I also donate work to fundraisers all the time. So between the book and donations, that’s where a lot of work comes from.
How long did it take from creating Papercut to getting your first clients from that?
I assume it’s a long game, though, right?
Exactly, I was making it for myself and would still be making it for myself even if I wasn’t getting jobs out of it. And then people buying them on my website enjoy my work and the process behind it as well.
I don’t think it’s an instant thing like, Oh this is amazing let’s hire you right now. I feel that people will get it and sit on it for a while. It could be a couple of months or it could be two years later until they’re like, Oh, now the right job or project has come up.
What else goes into your marketing? Maybe Instagram or networking?
Yeah, networking is never bad.
Is that a big part of what you do?
I feel like when I can do it, it is. But I’m pretty bad at going to Chamber of Commerce meetups and I never went to AIGA [The American Institute of Graphic Arts] events in Denver or Philadelphia when I lived there.
But I think a lot of the networking is on the social side. It’s not, Hey, here’s my business card, let’s talk about work. It’s running into somebody after a trade show and they’re like, We’re going out for a drink or we’re going to get coffee, let’s hang out more. And after hanging out for a bit, people realize we have stuff in common and then they’re like, You know, we think we can work with you. So I think networking in that way is really good.
And then I give a lot of things away for free. I’m constantly sending people little screen prints or the books or just random things. Sometimes if somebody orders a print I’ll say, You bought eight of my things in the last couple of years, here’s one for free.
Sounds like a lot of goodwill.
Yeah, I think it’s little things. People love it. I love it.
Yeah, that’s awesome.
There’s this design studio in Switzerland that I love called Büro Destruct and somebody I met while living there set it up for me to go to their studio. I was just some random American kid in my 20s showing up but they gave me a tour of the studio and went to their flat files and basically said, Open some drawers, take some stuff out. They had all of these old posters and stuff. I was like, Holy crap, I’m leaving with ten posters, that just made my day, this is amazing.
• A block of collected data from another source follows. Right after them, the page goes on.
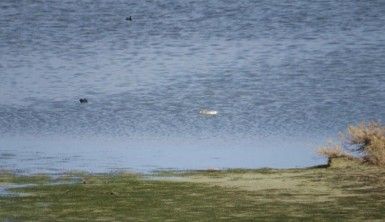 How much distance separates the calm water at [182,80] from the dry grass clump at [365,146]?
1.49ft

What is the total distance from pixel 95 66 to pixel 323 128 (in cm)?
980

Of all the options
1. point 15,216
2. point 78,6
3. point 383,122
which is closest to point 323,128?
point 383,122

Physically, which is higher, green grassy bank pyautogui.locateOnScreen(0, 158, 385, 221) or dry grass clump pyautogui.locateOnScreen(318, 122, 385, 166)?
green grassy bank pyautogui.locateOnScreen(0, 158, 385, 221)

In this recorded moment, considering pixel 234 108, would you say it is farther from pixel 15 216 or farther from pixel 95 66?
pixel 15 216

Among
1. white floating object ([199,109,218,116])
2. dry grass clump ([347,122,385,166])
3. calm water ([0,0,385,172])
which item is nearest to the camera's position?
dry grass clump ([347,122,385,166])

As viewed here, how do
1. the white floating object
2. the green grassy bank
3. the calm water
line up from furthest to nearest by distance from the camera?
the white floating object, the calm water, the green grassy bank

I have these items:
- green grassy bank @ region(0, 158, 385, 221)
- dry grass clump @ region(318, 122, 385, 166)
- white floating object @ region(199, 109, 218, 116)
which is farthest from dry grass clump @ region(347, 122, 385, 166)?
white floating object @ region(199, 109, 218, 116)

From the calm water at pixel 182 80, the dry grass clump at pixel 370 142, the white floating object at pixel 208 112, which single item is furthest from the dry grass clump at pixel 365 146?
the white floating object at pixel 208 112

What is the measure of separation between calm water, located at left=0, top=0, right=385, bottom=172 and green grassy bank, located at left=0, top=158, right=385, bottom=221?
1.18 metres

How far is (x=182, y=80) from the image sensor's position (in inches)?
1104

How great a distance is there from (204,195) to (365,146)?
331cm

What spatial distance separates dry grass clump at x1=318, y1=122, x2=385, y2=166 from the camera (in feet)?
58.1

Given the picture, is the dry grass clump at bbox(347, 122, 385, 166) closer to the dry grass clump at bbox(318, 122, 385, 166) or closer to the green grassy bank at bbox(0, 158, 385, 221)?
the dry grass clump at bbox(318, 122, 385, 166)

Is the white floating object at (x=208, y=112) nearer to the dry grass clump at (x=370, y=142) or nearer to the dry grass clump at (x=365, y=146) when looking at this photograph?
the dry grass clump at (x=365, y=146)
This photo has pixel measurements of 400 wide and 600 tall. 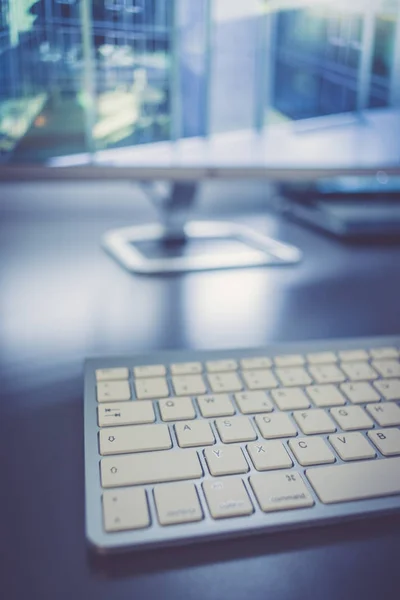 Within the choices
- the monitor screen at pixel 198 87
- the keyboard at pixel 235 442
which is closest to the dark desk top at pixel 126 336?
the keyboard at pixel 235 442

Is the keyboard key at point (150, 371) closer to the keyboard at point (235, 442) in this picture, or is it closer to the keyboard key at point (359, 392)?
the keyboard at point (235, 442)

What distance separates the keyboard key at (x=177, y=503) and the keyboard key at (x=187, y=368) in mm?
115

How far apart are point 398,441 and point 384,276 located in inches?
13.5

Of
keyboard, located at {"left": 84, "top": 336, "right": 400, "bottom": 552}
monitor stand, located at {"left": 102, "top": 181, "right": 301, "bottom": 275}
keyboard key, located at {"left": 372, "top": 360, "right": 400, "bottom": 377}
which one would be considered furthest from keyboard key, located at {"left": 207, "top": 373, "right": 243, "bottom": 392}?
monitor stand, located at {"left": 102, "top": 181, "right": 301, "bottom": 275}

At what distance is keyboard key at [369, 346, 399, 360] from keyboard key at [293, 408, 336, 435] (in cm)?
10

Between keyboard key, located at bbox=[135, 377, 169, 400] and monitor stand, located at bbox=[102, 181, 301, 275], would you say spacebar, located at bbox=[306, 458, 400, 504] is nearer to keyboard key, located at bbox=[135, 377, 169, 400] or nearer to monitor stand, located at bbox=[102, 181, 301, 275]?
keyboard key, located at bbox=[135, 377, 169, 400]

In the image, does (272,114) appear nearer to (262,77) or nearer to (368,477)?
(262,77)

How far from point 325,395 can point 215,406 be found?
73mm

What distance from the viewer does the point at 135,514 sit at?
27cm

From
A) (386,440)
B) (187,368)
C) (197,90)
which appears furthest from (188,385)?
(197,90)

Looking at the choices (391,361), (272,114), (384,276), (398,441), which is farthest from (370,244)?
(398,441)

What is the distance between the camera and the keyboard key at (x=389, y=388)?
381 mm

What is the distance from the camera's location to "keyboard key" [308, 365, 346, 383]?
15.7 inches

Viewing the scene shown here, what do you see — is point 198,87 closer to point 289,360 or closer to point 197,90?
point 197,90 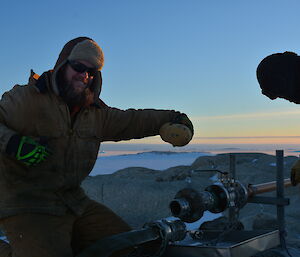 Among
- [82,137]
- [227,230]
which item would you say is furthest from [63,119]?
[227,230]

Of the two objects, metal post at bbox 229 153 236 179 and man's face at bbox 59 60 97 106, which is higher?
man's face at bbox 59 60 97 106

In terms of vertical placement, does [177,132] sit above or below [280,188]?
above

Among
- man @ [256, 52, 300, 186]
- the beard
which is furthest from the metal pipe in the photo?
the beard

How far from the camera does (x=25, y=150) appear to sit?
8.06 ft

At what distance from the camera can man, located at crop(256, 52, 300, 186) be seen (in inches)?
111

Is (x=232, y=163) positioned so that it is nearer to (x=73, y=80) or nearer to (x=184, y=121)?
(x=184, y=121)

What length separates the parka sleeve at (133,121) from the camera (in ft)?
10.8

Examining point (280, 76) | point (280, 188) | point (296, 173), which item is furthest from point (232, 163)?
point (280, 76)

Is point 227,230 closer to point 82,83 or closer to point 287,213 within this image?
point 82,83

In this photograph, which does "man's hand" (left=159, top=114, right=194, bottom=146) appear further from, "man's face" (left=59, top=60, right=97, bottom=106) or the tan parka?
"man's face" (left=59, top=60, right=97, bottom=106)

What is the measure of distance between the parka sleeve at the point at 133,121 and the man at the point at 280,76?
690 mm

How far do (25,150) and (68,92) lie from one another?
0.58m

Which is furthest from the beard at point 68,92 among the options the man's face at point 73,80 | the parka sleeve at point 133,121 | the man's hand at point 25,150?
the man's hand at point 25,150

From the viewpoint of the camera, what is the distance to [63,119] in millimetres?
2891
So to be able to do that for other people, why not if I have extra copies? Yeah, I can sell it for $35. Or I can make this person’s day.
Do you handle all your own fulfillment and shipping?
Yeah. That’s why my website says it can take up to two weeks. Because getting 50 orders out the door can be a lot of work on top of the commercial side of things. Eventually if I’m doing more prints it would be cool to hire a high school student who’s into art, you know? Teach them how to roll prints, pay them some money.
I think that would be pretty fun, especially here in a small town where they don’t really see a lot of contemporary art. It would be cool to introduce them to a wider view of the art world, show them they can make and sell their own screen prints.
What about social media and Instagram, do you have a plan for that? Because you have a solid following on Instagram.
I approach my Instagram in a natural way. I’m not posting every other day at 9 a.m. with a million hashtags. When I have something cool to post, I’ll post it. I’m not trying to force it. I hate the million hashtags thing. And you don’t need to write five paragraphs under your photo. Every single post can’t be that deep. [Laughs]
I try to do what I’d like to see — the finished piece, the progress, shots of mountains. If I tried to do scheduled posting it would just come across so forced. I don’t want to fake something just to post it on there. And certain jobs I can’t post about so there will be gaps.
You don’t want to oversaturate people, but I say I don’t like that and then there’s people who are really good at it and have 100,000 followers.
Do you find it drives a good amount of sales for you? Just people seeing your work there and then going into your shop or contacting you?
Yeah, I think it does.
Is it commercial jobs and fine art sales that you’re getting from Instagram?
I think I’ve gotten a couple of commercial jobs. I think it helps that clients can see the progress and not just the finished piece all the time. If they can see a carving they might think, Oh, this really fits the aesthetic of our company a lot more than somebody who does a computer illustration.
I do get hit up for commissions a lot and I just can’t handle them right now. And tattoos, but I’m like, Oh I can’t do that, that’s too stressful.
You’ve really established yourself as an outdoor/action sports/mountain culture type of artist. Was that always the goal or something that just came out of your work and your interests?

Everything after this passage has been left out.